WHAT YOU ARE ASKED TO DO ▸ Output the records precisely as they stand. Pictures are to be skipped.

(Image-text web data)
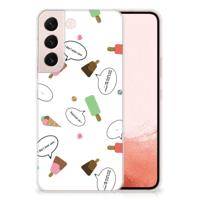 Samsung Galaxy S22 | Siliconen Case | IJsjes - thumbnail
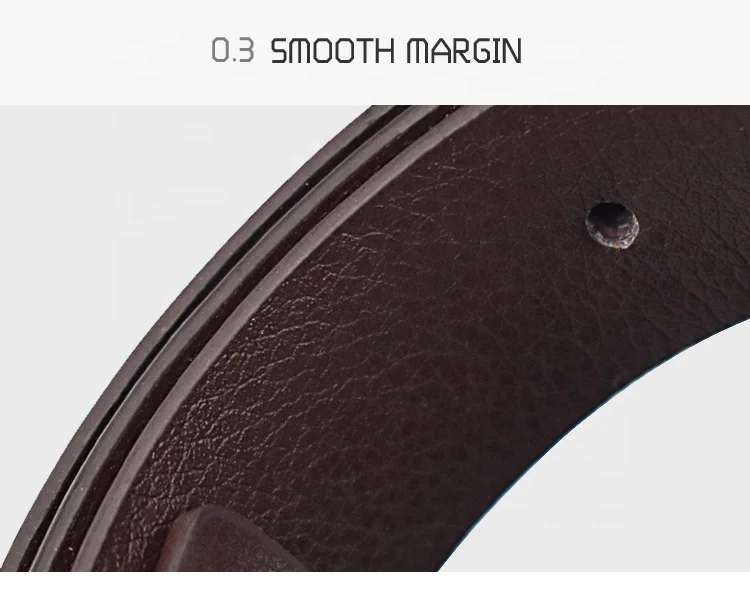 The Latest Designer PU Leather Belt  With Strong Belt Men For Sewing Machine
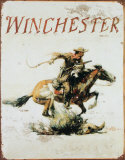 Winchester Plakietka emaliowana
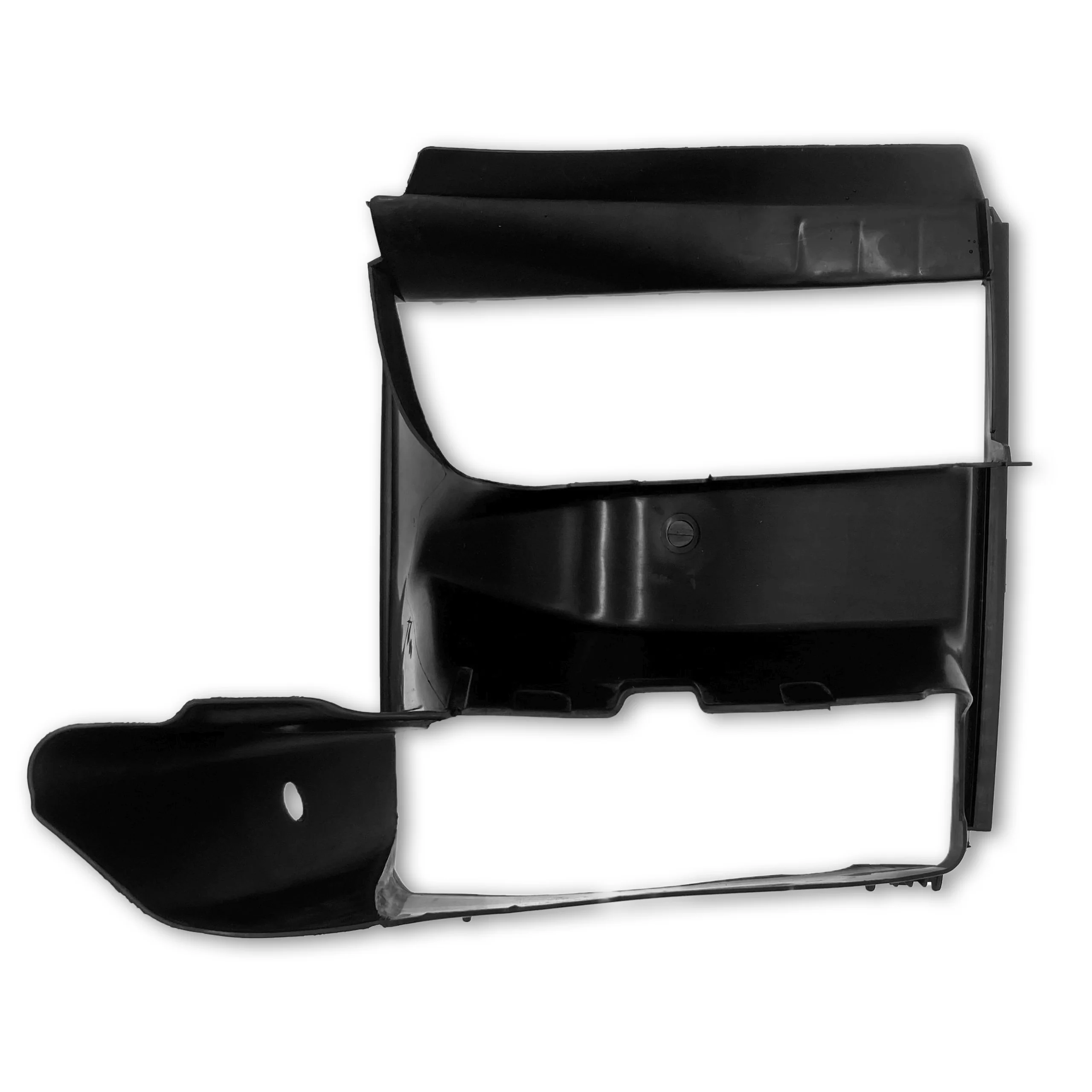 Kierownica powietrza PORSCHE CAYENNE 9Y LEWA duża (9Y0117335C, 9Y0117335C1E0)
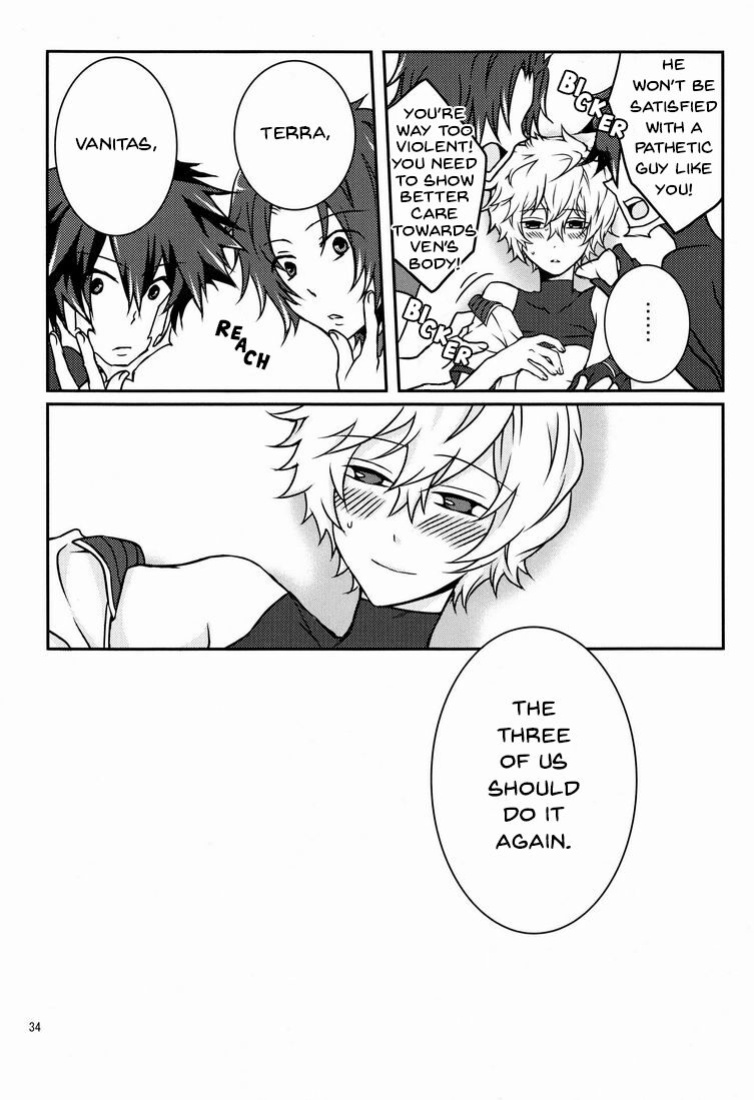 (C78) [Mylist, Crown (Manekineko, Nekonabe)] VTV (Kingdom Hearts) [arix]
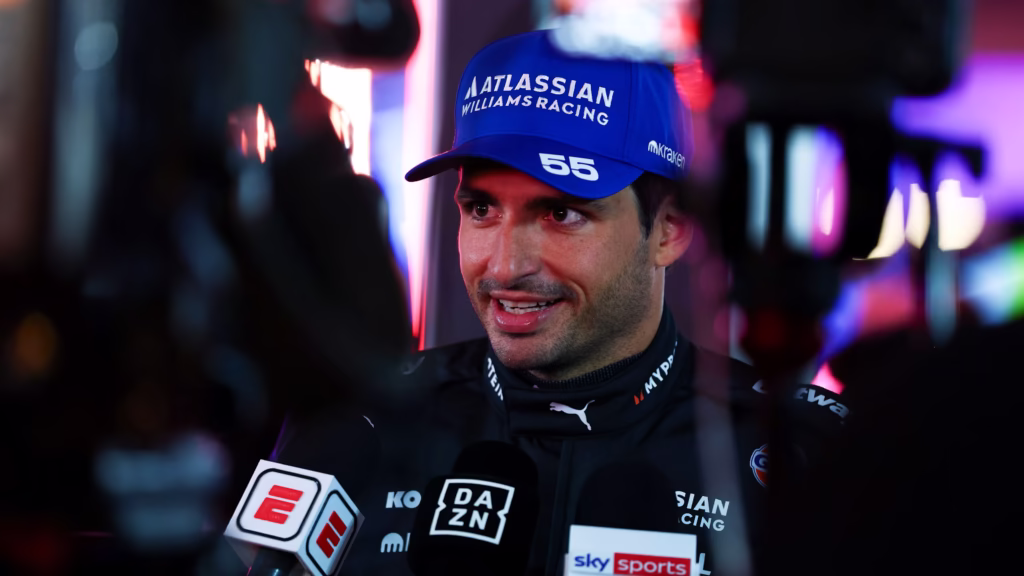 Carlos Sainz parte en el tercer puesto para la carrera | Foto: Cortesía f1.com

TASK ANSWER ▸
 Samsung Galaxy S22 | Siliconen Case | IJsjes - thumbnail
 The Latest Designer PU Leather Belt  With Strong Belt Men For Sewing Machine
 Winchester Plakietka emaliowana
 Kierownica powietrza PORSCHE CAYENNE 9Y LEWA duża (9Y0117335C, 9Y0117335C1E0)
 (C78) [Mylist, Crown (Manekineko, Nekonabe)] VTV (Kingdom Hearts) [arix]
 Carlos Sainz parte en el tercer puesto para la carrera | Foto: Cortesía f1.com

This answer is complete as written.